So about life in Sacsa- things are pretty calm in a town of perhaps 500 people, and my main responsibilities right now involve smiling and saying "buenos dias" to everyone and trying to remember names and faces. I spend a lot of time hanging out at the kitchen table, which is in an open-air patio in my adobe house, talking to my host parents and my two little host sisters, who are 5 and 3 and love to chat. They have been a big help in introducing me to the kids in town, and now I can't even walk out the front door without some kid yelling my name from down the street. I also read in the plaza a lot, just trying to get myself out there. If there's one thing I have learned in the past two weeks, it is that you never know what will happen once you set foot outside. On Thursday, for example, I took the ten minute hike out to the hilltop where I get cell phone reception, thinking I would just make a quick call and then walk to Erica's house for a relaxing evening with her host family. Instead, I walked past the school and ended up getting pulled into the primary school's graduation party and sitting with a family I had never met and then eating soup and guinea pig at a table with the 12-yr-old graduates in front of the entire gathering. I am really bad at eating guinea pig. There is definitely an art to it that I have NOT mastered. Something to work on in order to fit in better, I guess.
My first three months in site will be dedicated to these sorts of awkward activities- meeting the important figures in town, starting to develop relationships with the various organizations with which I hope to work, and just figuring out how to survive in general. So far, so good. The people of Sacsa have been so friendly (an older woman approached me in the plaza to give me cookies and I could have cried I felt so welcomed) and the landscape is absolutely stunning. On a clear day, I can see the tips of six snow-capped mountains from my cell phone rock.

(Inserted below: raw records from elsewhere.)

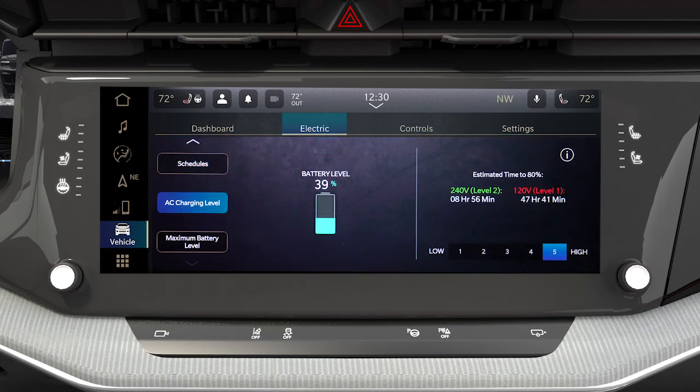Navigating to the AC charging level screen in the electric vehicle app on your touchscreen allows you to select the rate at which your vehicle charges. The lower the selected rate, the longer it will take for your vehicle to reach a full charge. This setting will be saved each time the vehicle is turned off, then back on again.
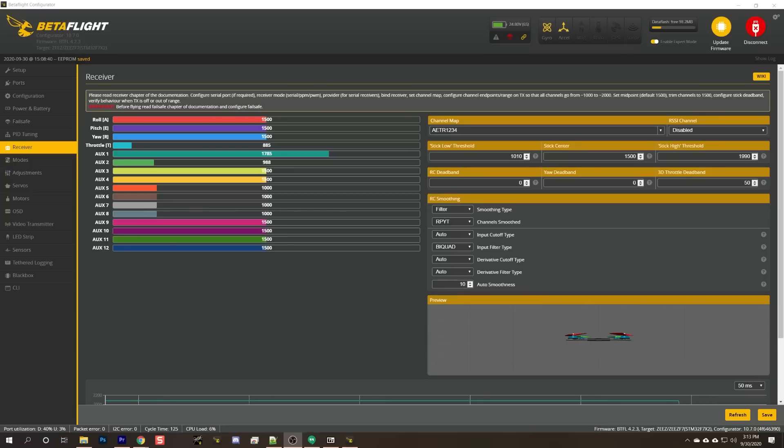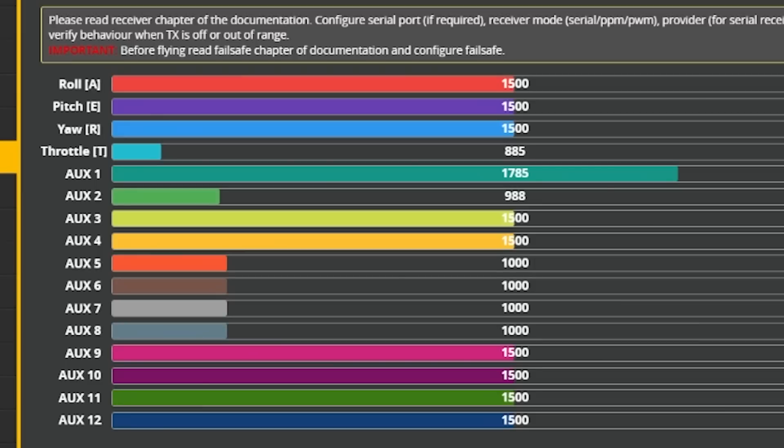Let me share the experience with you. Joshua Bardwell, I cannot get my receiver to work. I move the sticks here on the controller and nothing happens here in the receiver tab. Well, that's an easy one to fix. It just means that you are in failsafe — that you haven't correctly wired up your receiver or configured your receiver to talk to your flight controller. This is actually one of the most common questions in setting up Betaflight. And if we just start with what receiver you've got and what flight controller you've got, I'm sure we can get this figured out.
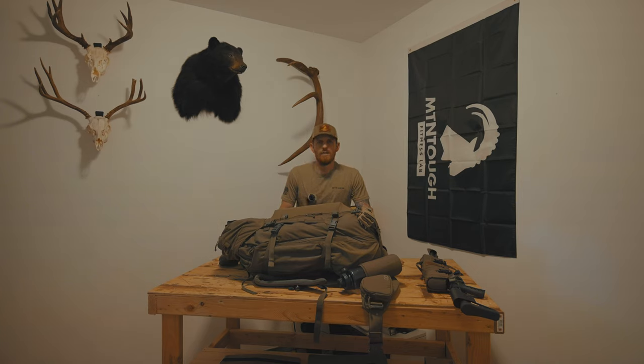I'm packing for a 10-day spring bear hunt coming up pretty quick, so I figured I'd put together a gear dump video. I'm going to do my best to get to the point and only go over foundational pieces of gear, not get too far into the weeds with miscellaneous things. Let's jump right in.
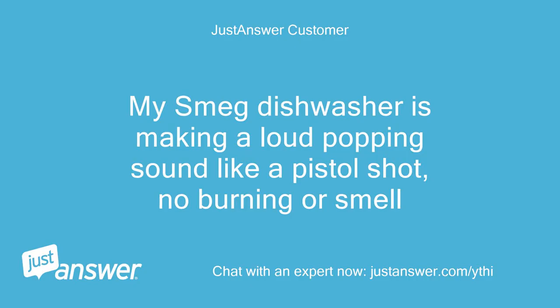My Smeg dishwasher is making a loud popping sound like a pistol shot, no burning or smell.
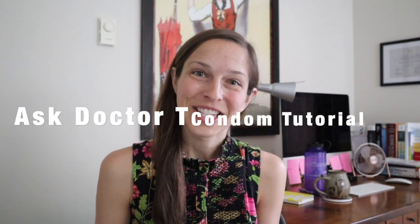Hey guys, I'm Dr. T and I'm going to do a little tutorial on how to pick the appropriate size condom. The tools you will need are a string, a pen, and some sort of a ruler.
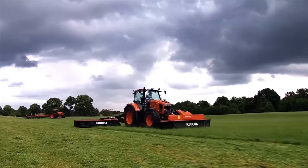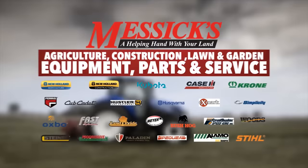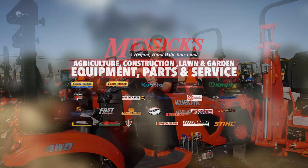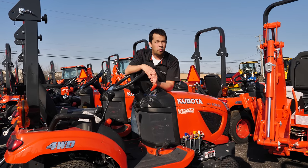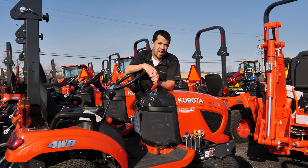S6, a helping hand with your land. Neil from Messick here with today's 3 Minute Thursday. Today, we're going to have a short conversation on the proper way to think about a hydrostatic pedal.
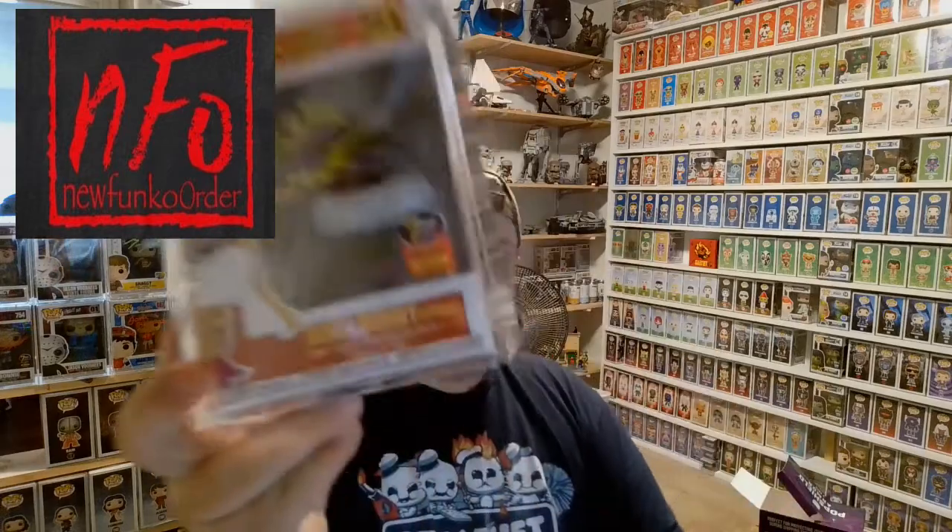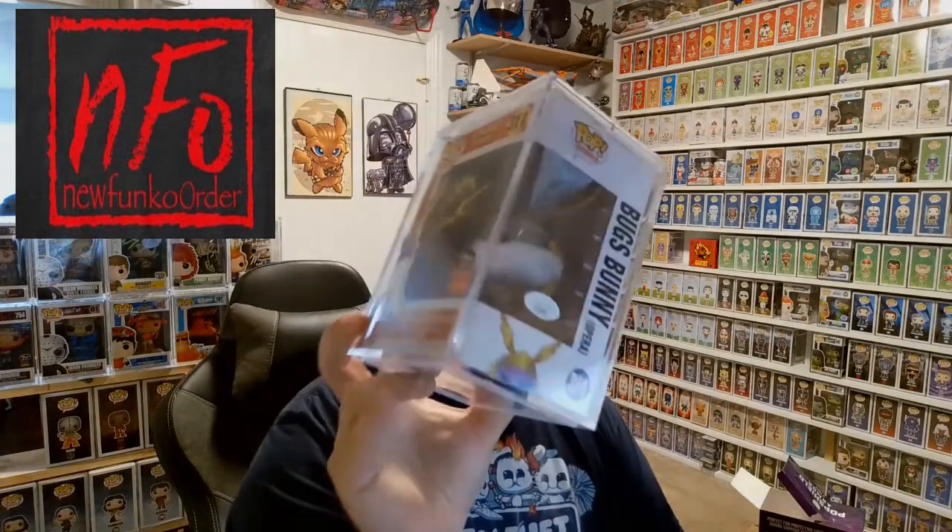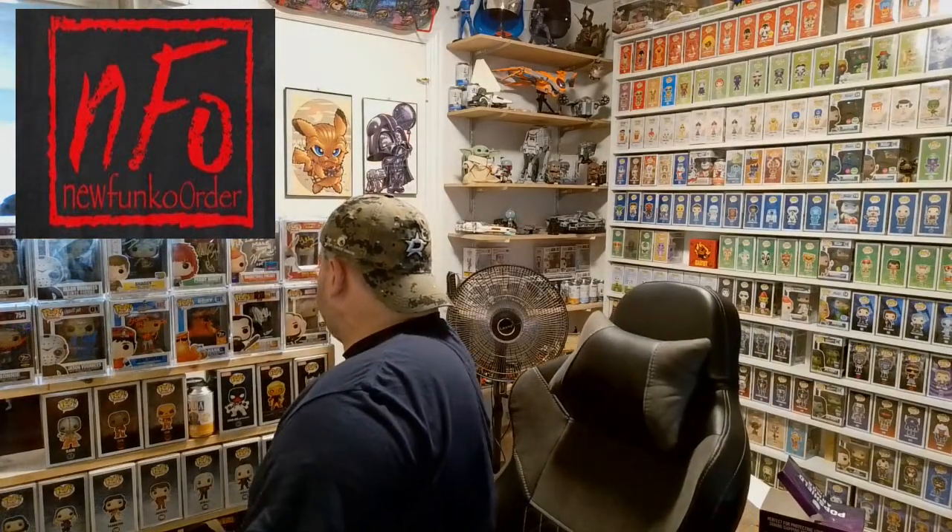Okay guys, I hope you guys are enjoying the day. I bought a case of the pop shield armors — as always, if you buy in bulk, you get a better deal. So the first thing I decided I wanted to do is get all of my autographed pops into pop shield armors. What I'm putting in right now is Billy West's Bugs Bunny — 70 piece, seven bucks a pop.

Me talking on the phone with the nevados in the background.
And with my neighbor, Erica, taking advantage of the cell reception.
And with my neighbor, Erica, taking advantage of the cell reception.
I will also need to start learning Quechua, since most of the adults in my town converse with one another in the Andean tongue, and I would like to know exactly what people are saying about me when they converse with each other in Quechua, glancing at me and throwing in key spanish phrases like "cuerpo de paz" and "estados unidos." But one step at a time.
3 comments:
I have a feeling that I too will need to learn to eat guinea pig so please be ready to teach me when I visit. Can hardly wait. Love you, Sue
SO excited for a new Callie Bear post. Glad to hear about how things are going - and happy to receive a fun piece of mail last week! Hope yours has found its way to you, too. Love you lots - more about guinea pigs in next post, please.
Heart shape,
Lindsay
Happy New Year Callie. I think of New Years Eve last year and where you all are this year-incredible. I wish you all the best in 2009.